-- DATASET follows --
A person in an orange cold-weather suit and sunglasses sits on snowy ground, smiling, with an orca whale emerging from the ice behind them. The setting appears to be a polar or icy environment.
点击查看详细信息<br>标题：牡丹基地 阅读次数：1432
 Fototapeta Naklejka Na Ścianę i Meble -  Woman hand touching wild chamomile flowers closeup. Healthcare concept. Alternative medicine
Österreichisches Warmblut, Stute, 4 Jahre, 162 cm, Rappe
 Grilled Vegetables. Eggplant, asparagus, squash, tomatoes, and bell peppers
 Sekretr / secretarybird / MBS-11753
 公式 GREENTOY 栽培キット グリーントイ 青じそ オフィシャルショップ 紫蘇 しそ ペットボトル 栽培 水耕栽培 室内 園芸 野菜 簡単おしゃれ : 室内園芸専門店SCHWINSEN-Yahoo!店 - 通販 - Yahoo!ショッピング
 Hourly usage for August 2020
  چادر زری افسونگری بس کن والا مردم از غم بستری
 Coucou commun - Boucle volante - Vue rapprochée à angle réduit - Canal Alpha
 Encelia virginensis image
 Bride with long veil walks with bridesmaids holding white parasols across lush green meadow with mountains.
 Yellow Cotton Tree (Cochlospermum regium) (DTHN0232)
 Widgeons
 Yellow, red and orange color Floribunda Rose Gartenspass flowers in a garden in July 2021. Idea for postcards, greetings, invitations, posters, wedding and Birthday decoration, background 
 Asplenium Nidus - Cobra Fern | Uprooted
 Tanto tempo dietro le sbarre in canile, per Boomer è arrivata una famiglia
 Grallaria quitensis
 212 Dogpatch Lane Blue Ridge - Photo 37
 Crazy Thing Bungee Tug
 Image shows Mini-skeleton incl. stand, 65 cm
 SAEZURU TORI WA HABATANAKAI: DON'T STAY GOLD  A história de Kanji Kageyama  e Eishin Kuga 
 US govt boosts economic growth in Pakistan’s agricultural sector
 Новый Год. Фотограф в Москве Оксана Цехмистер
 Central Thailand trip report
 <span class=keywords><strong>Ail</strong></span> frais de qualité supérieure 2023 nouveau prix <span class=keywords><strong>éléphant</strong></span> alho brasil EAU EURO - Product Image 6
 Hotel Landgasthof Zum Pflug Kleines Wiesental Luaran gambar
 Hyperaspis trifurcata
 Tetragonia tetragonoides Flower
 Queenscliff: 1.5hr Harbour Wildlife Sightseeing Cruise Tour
-- DATASET concluded --
## [WHAT THE TASK ASKS]
If a line in the data above includes the string "Yellow", copy it.

## [TASK ANSWER]
 Yellow Cotton Tree (Cochlospermum regium) (DTHN0232)
 Yellow, red and orange color Floribunda Rose Gartenspass flowers in a garden in July 2021. Idea for postcards, greetings, invitations, posters, wedding and Birthday decoration, background 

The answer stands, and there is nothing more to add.